Algerian bombers strike again
However, the militants have proved themselves to be resilient. Bombings and ambushes over the past week have caused at least 65 deaths, making it the bloodiest in years, and the toll so far for August stands at more than 80. That is the worst month in a long time.
It is true that the security forces have been effective in containing the armed groups in much of the countryside, apart from the Kabylie region.
And the intense rural-based violence of the 1990s is highly unlikely to reoccur – an understanding struck in 1997 between the army and the original leaders of the Islamist rebellion laid the foundations for the end of the worst of Algeria’s political violence.
But a shift in tactics in 2007 to Iraq-style suicide bombings – delivered by car, motorbike and in person – has been a relative success for the Salafist Group for Preaching and Combat. There is apparently no shortage of young men willing to offer themselves for duty as kamikaze attackers.

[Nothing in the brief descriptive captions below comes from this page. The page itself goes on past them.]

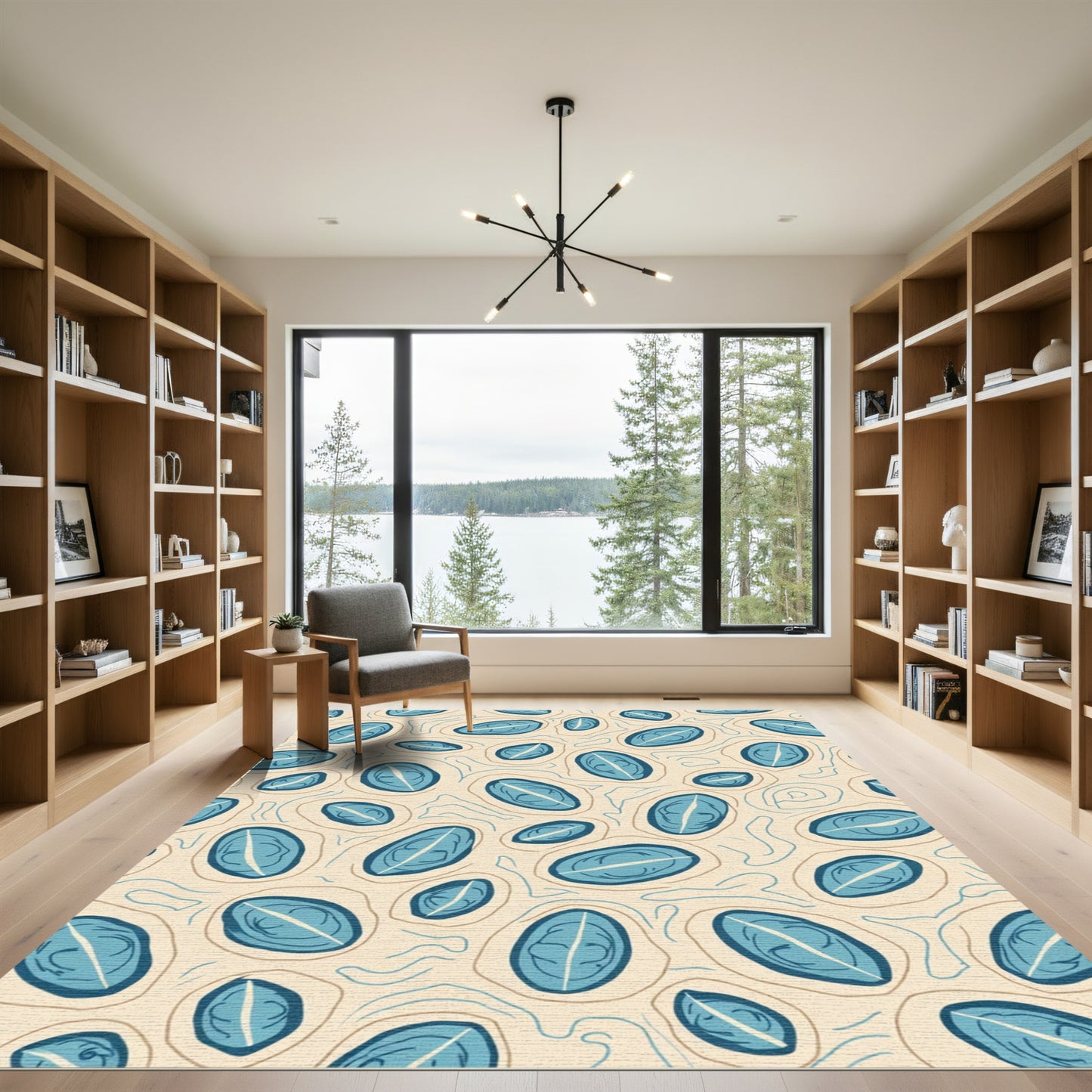 Blue Oval Contour Abstract Rug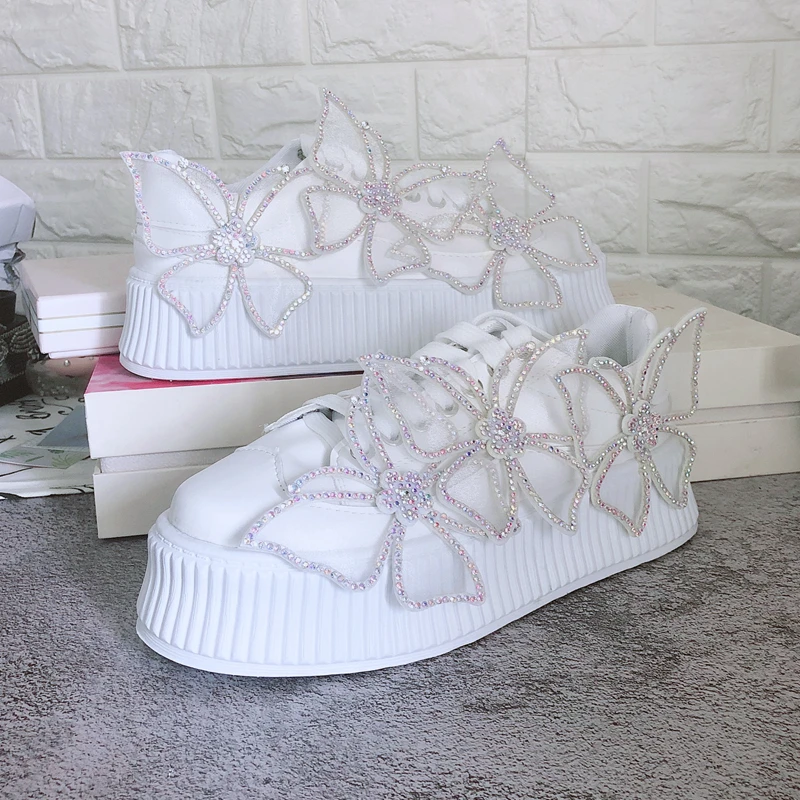 Little white shoes versatile spring new handmade rhinestone butterfly sneakers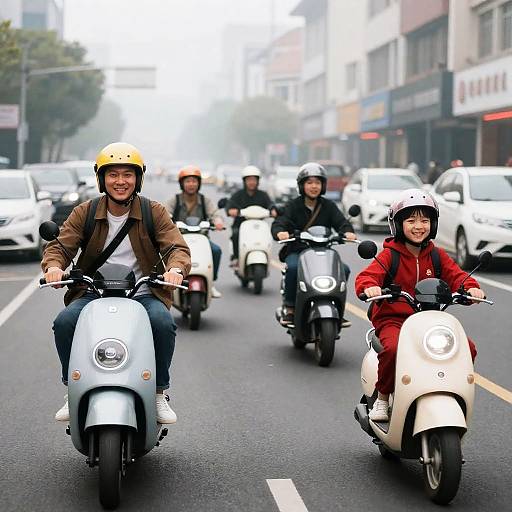 Dynamic City Scene with Scooter Riders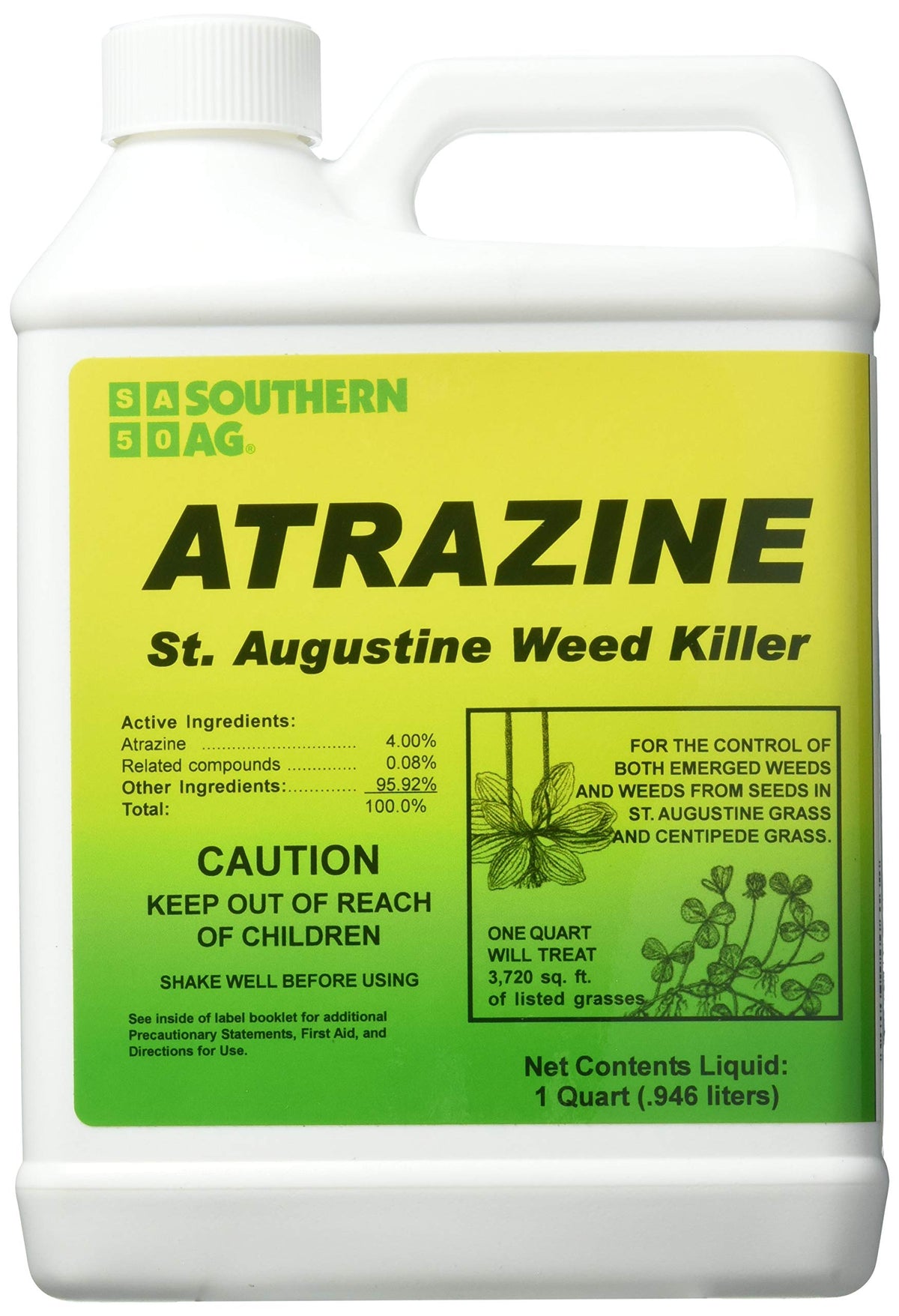 Southern Ag Atrazine St Augustine Weed Killer bottle pour for precise lawn application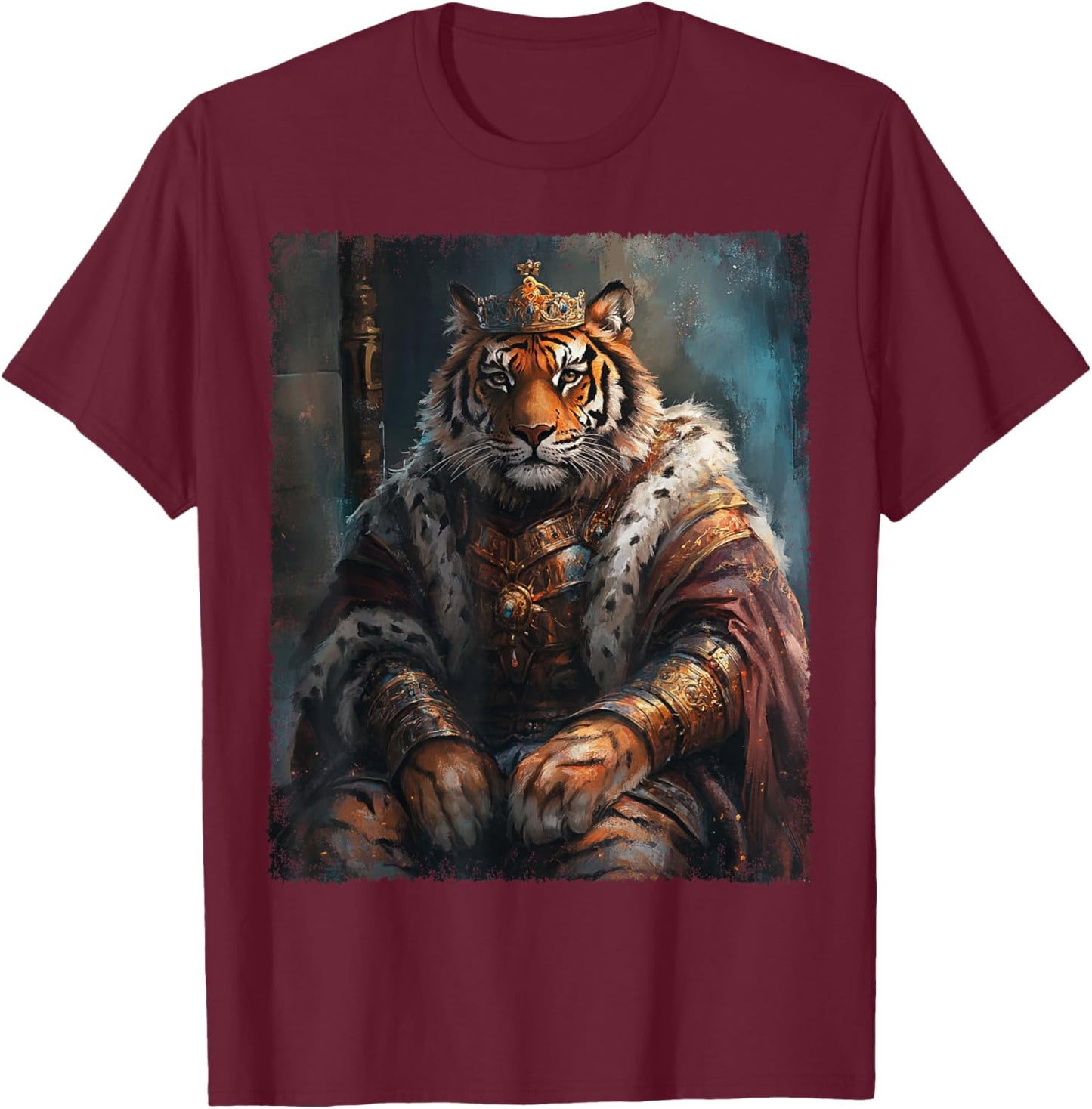 Funny Tiger Renaissance Painting Art T-Shirt - T-Shirt | Maroon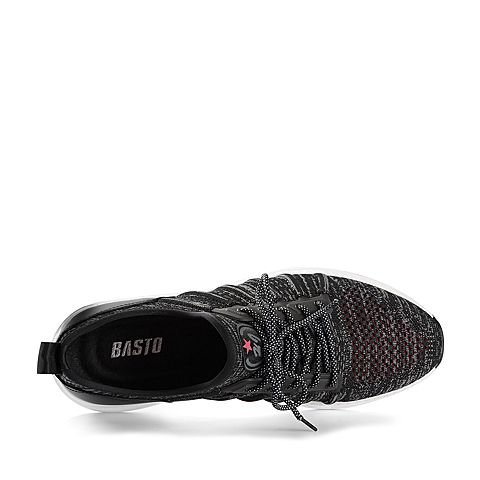 BASTO/百思图2018夏季专柜同款黑色织物/丝绸牛皮系带男休闲鞋K7502BM8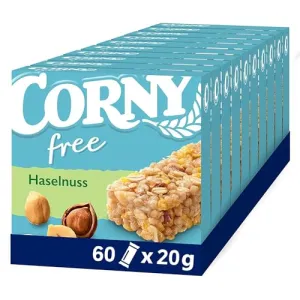 Corny Free Hazelnut Muesli Bars, No Added Sugar, 71 kcal/Bar, 60x20g | Healthy Snack for On-the-Go Energy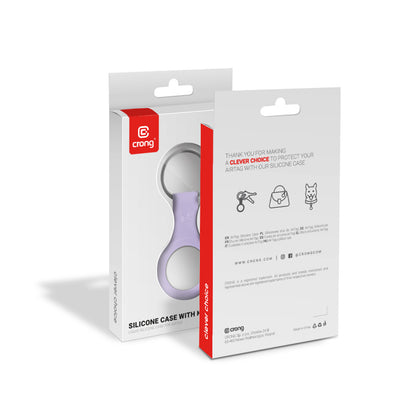 Crong silikoninis dėklas su raktų pakabuku – apsauginis dėklas, skirtas „Apple AirTag“ raktų pakabukui (violetinis)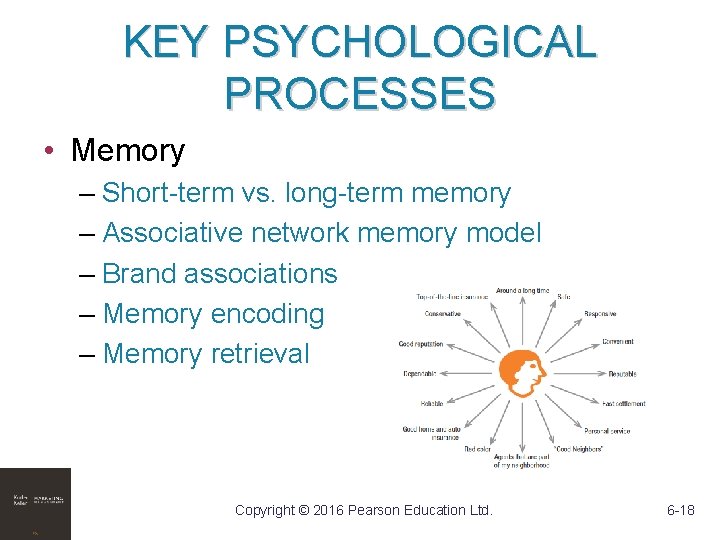 KEY PSYCHOLOGICAL PROCESSES • Memory – Short-term vs. long-term memory – Associative network memory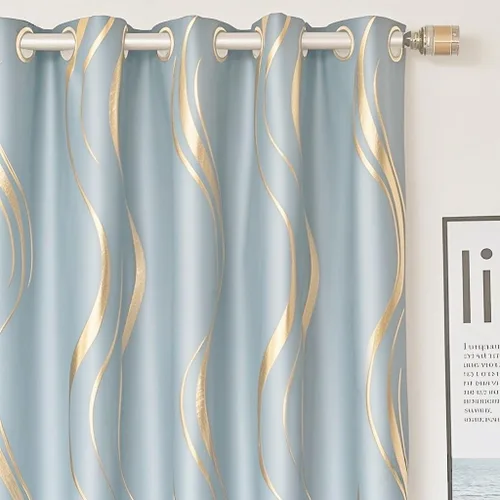 Miniatura 7 de MYRU Juego de 2 paneles de cortinas cortas de cocina para dormitorio, cortinas de rayas con estampado de aluminio para sala de estar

Twinned with use of the al Qaeda brand, they have helped the insurgent leaders cast a pall over Algeria’s efforts to emerge from its troubled past.
Quite why that should be is a puzzle. The state is much stronger, and wealthier, and better equipped than it was in the 1990s. It is no longer an international pariah. So why are its security forces making such heavy weather of the fight? Is it because the militants are strong? Or is it because the security forces are weakened? Is the overall policy of offering amnesty to the rebels sensible? Anecdotal evidence suggests that the reconciliation policy of the government is a major factor in demotivating the army and police. What do you think?